Tiba-tiba Desi mendorong kursi roda Shakira. "Istrimu lumpuh menyusahkan saja, sudah miskin, hidup pula. Pergi dari kehidupannya Daffin!"
Sontak Daffin menghambur mendekati Shakira yang telungkup jatuh. "Hentikan. Jangan menghina kami lagi. Saya akan buktikan bahwa saya pasti bisa sukses."
Lelaki tampan itu segera menolong sang istri agar duduk. Ini sudah keterlaluan Desi kerap menghina Shakira dan mengintimidasi Shakira. Bukan waktunya diam terus, di saat dihina. Lalu Daffin berdiri menatap nyalang kepada Desi dan Kennedy.
"Jangan remehkan semut. Jika kalian injak pasti kalian akan kalah," ucap Daffin.
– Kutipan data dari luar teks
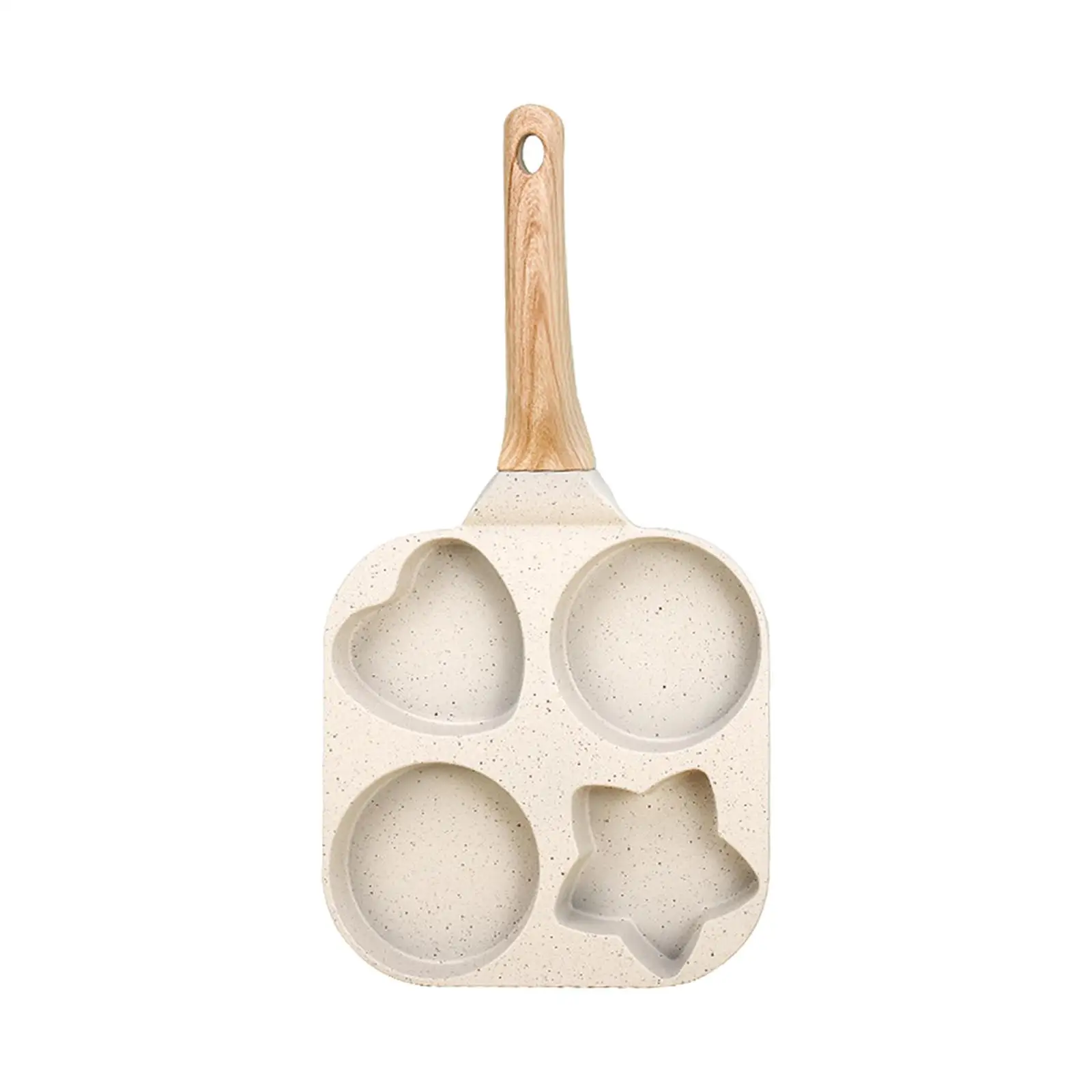 Pancake Pan Heat Resistant Handle Breakfast Maker Kitchen Cooking Tool Omelet Pan for Steak Vegetable Frying Burger Baking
Desi dan Kennedy tertawa terbahak-bahak mendengar penuturan Daffin.
"Hahahahhaha ... memangnya kamu bisa sukses?" ejek Kennedy menarik tangan Daffin.
Daffin tak mengindahkan ucapan Kennedy. Dia langsung mengurai tangan sang ayah. "Maaf, saya tak ada waktu untuk melayani Anda berdebat."
"Kau lantaaaang, Daffin!" sentak Kennedy menampar pipi Daffin.